Telecom, dal 1 novembre niente più scatto alla risposta. Ma canone aumenta di 1€

MILANO – Niente più scatto alla risposta dal 1° novembre 2014. Telecom Italia semplifica le tariffe base per le chiamate da casa e mantiene un prezzo unico per tutte le chiamate verso fissi e cellulari. Ma, per compensazione, aumenta di un euro il costo del canone: l’abbonamento al servizio di base passa da 17,54 euro a 18,54 euro mensili. L’adeguamento, precisa una nota, non riguarderà le offerte ‘a pacchetto’ e i clienti che beneficiano di condizioni agevolate.

Questo il comunicato diffuso dalla compagnia telefonica:

Dal 1° novembre verrà eliminato lo scatto alla risposta di 5,04 euro cent, cioè una delle due tradizionali voci che concorrono a determinare i costi delle telefonate, mentre resterà un unico prezzo per tutte le chiamate verso i fissi nazionali e i cellulari, pari a 10 euro centesimi al minuto (il nuovo prezzo non riguarderà i clienti che hanno scelto di aderire a specifiche offerte di fonia, più convenienti per loro).
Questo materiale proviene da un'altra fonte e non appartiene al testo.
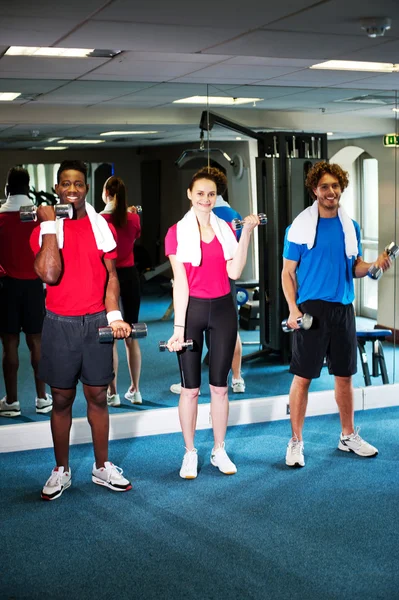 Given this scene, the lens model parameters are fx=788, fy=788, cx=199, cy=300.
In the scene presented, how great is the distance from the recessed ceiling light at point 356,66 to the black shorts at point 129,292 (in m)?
1.43

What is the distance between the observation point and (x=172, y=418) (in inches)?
176

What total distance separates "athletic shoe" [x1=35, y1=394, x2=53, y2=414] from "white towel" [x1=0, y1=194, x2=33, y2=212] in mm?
1044

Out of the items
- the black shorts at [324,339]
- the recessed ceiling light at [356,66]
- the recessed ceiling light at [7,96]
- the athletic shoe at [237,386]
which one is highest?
the recessed ceiling light at [356,66]

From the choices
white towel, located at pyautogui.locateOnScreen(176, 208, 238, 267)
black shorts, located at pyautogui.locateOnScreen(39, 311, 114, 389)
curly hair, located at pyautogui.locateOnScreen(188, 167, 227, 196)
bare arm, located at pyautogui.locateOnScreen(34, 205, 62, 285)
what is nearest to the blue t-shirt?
white towel, located at pyautogui.locateOnScreen(176, 208, 238, 267)

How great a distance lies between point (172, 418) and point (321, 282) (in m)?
1.24

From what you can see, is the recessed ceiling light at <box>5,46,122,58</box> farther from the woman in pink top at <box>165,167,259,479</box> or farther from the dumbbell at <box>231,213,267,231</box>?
the dumbbell at <box>231,213,267,231</box>

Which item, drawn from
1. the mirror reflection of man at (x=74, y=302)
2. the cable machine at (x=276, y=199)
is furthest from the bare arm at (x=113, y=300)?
the cable machine at (x=276, y=199)

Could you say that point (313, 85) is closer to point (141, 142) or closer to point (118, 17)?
point (141, 142)

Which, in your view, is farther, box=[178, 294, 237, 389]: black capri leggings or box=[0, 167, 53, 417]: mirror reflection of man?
box=[0, 167, 53, 417]: mirror reflection of man

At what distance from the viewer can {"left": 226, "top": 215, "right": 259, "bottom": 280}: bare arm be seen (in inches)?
144

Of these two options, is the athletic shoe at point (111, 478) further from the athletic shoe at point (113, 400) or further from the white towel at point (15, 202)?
the white towel at point (15, 202)

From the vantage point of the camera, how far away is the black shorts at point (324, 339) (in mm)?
3857

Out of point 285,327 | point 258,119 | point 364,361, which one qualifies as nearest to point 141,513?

Resta confermato lo sconto del 50% sulle chiamate verso i numeri fissi nazionali oltre le 3 ore di telefonate al mese. Per coloro che beneficiano delle condizioni agevolate e per i titolari della Carta Acquisti (cosiddetta “Social Card”), non sono previste variazioni. Resta invariato anche il costo unico di abbonamento delle offerte “a pacchetto” che includono servizi voce, dati e la linea telefonica.

La decisione, prosegue la nota,

“è volta a favorire le preferenze dei consumatori e ad assecondare i trend di mercato, che negli ultimi anni hanno fatto registrare una significativa crescita di questo genere di offerte”.

Secondo quanto riferito dal Garante per le Comunicazioni nella sua ultima relazione, in Italia negli ultimi quindici anni l’indice dei prezzi al consumo delle telecomunicazioni è diminuito del 44%, grazie all’innovazione tecnologica, alla liberalizzazione del mercato e agli effetti della regolamentazione.